Lack of funding is the reason why Clayton County buses are bursting not only with people, but with the potential for a serious accident. According to MARTA, which operates 22 buses through C-TRAN, Clayton County’s public transport system, more buses are desperately needed to avoid the overcrowding problem on local buses. The problem is huge, and is getting to the point where a bus is forced to routinely take close to 20 more passengers than it can handle.

MARTA general manager Beverly Scott is concerned enough about the problem to ask for additional funding to address this concern. Apart from at least 6 new buses that will be needed to counter the overcrowding problem, new drivers to operate these as well as additional routes will have to be planned for. On February 17th at a hearing that included county residents, the Clayton County Commission received an earful of complaints about the dangers they faced traveling on County buses. Besides the road safety issues involved, residents complained that they were frequent fights breaking out on the buses as passengers jostled for space.

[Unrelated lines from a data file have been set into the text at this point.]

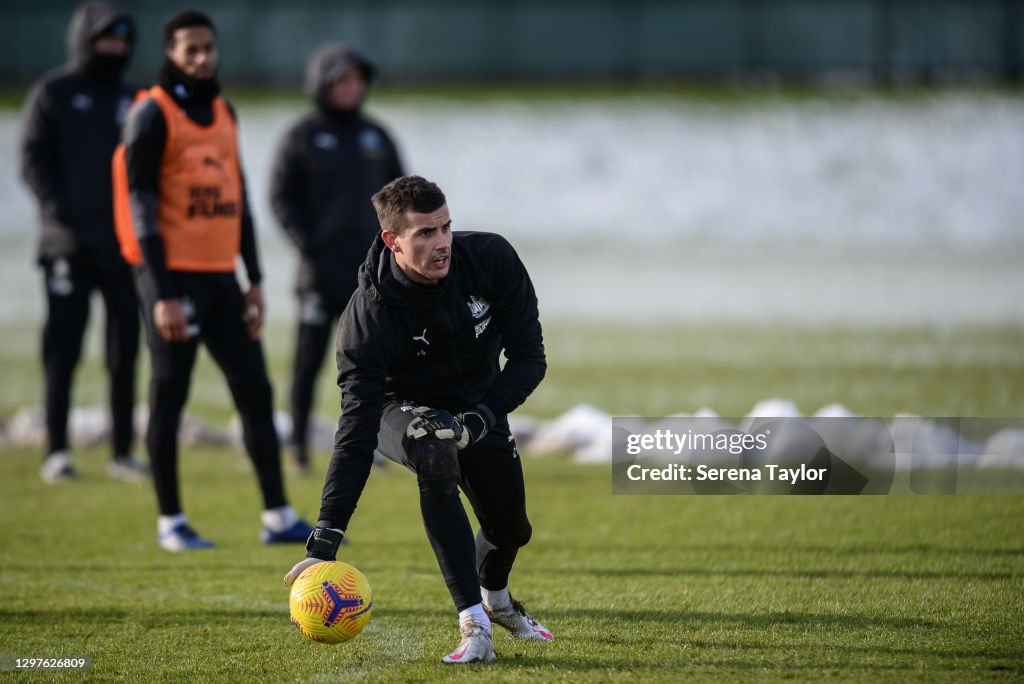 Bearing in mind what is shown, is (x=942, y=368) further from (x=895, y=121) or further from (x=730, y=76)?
(x=730, y=76)

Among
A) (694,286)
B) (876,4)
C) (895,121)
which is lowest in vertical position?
(694,286)

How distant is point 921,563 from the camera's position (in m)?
5.94

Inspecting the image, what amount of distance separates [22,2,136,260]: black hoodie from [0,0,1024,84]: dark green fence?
54.0ft

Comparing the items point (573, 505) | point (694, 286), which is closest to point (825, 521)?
point (573, 505)

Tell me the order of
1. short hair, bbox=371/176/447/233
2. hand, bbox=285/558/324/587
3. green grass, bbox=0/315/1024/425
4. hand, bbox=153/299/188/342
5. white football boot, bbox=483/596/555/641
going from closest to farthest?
hand, bbox=285/558/324/587 < short hair, bbox=371/176/447/233 < white football boot, bbox=483/596/555/641 < hand, bbox=153/299/188/342 < green grass, bbox=0/315/1024/425

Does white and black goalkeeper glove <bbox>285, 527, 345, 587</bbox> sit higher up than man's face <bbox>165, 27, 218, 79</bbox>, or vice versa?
man's face <bbox>165, 27, 218, 79</bbox>

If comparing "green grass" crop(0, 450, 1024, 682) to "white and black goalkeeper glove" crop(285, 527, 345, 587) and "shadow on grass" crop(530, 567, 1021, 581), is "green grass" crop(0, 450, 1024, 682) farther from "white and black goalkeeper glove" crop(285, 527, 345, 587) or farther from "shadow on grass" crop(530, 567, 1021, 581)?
"white and black goalkeeper glove" crop(285, 527, 345, 587)

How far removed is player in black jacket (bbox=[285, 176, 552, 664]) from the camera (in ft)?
14.7

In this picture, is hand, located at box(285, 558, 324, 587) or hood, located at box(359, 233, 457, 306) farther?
hood, located at box(359, 233, 457, 306)

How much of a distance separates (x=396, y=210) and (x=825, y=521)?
11.2 ft

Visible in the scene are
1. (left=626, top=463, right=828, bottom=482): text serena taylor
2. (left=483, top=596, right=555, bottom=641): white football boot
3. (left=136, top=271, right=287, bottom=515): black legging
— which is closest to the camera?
(left=483, top=596, right=555, bottom=641): white football boot

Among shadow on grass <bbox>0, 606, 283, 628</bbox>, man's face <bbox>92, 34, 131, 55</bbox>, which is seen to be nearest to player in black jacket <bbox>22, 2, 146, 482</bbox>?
man's face <bbox>92, 34, 131, 55</bbox>

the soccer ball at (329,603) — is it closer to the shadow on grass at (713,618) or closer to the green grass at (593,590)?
the green grass at (593,590)

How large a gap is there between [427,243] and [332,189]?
4.57 meters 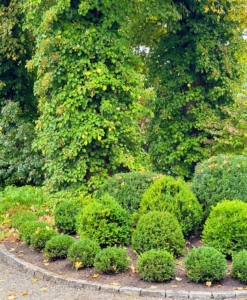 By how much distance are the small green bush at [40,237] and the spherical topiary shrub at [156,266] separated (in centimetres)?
151

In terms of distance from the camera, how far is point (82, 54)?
A: 6.73 metres

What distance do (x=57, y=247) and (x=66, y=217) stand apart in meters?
0.92

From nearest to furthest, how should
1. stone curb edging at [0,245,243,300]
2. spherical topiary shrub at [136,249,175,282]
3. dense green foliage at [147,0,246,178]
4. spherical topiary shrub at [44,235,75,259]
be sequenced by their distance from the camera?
stone curb edging at [0,245,243,300] < spherical topiary shrub at [136,249,175,282] < spherical topiary shrub at [44,235,75,259] < dense green foliage at [147,0,246,178]

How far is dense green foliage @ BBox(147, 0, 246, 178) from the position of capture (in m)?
9.14

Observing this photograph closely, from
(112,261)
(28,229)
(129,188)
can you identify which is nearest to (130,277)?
(112,261)

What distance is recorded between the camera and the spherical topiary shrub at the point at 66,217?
5.62 meters

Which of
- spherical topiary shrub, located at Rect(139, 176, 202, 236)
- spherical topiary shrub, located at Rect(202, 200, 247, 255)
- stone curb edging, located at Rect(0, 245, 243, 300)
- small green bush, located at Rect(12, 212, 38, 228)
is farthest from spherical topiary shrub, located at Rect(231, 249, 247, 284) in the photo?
small green bush, located at Rect(12, 212, 38, 228)

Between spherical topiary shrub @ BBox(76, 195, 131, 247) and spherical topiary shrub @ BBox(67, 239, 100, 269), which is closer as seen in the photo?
spherical topiary shrub @ BBox(67, 239, 100, 269)

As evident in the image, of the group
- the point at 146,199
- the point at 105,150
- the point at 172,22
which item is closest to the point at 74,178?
the point at 105,150

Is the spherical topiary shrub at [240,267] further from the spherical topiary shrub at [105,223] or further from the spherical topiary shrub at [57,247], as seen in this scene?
the spherical topiary shrub at [57,247]

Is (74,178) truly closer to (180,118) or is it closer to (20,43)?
(180,118)

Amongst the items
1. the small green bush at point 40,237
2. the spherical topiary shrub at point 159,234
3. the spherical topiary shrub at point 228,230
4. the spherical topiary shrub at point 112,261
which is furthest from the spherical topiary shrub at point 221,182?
the small green bush at point 40,237

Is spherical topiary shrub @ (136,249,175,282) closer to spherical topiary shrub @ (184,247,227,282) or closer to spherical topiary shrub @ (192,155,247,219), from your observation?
spherical topiary shrub @ (184,247,227,282)

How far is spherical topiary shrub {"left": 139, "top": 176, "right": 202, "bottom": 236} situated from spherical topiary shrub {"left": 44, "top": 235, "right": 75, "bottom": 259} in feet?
3.59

MARTA is expecting more than $60 million in federal stimulus money. However, those expecting the money to be used to expand essential bus services are likely to be disappointed. MARTA expects money to be used for current facilities, including repairs and other projects.

Overcrowding on buses is a bigger safety problem then we may think it is. For instance, fights and threats on a bus when passengers are fighting for even standing space could cause distractions to the driver. As Clayton County personal injury lawyers, we’re concernedthat an accident involving such a bus also increases the number of injuries on board simply because there were more numbers of people on the bus than should have been there.

It’s unfortunate that citizen safety is the first thing to fly out the window as soon as budgeting concerns show up. The overcrowding problem on Clayton County buses is severe enough to take seriously, and lawmakers must make efforts to demarcate funding that will alleviate the problem. It may be difficult, but it can be done if authorities have the stomach for it.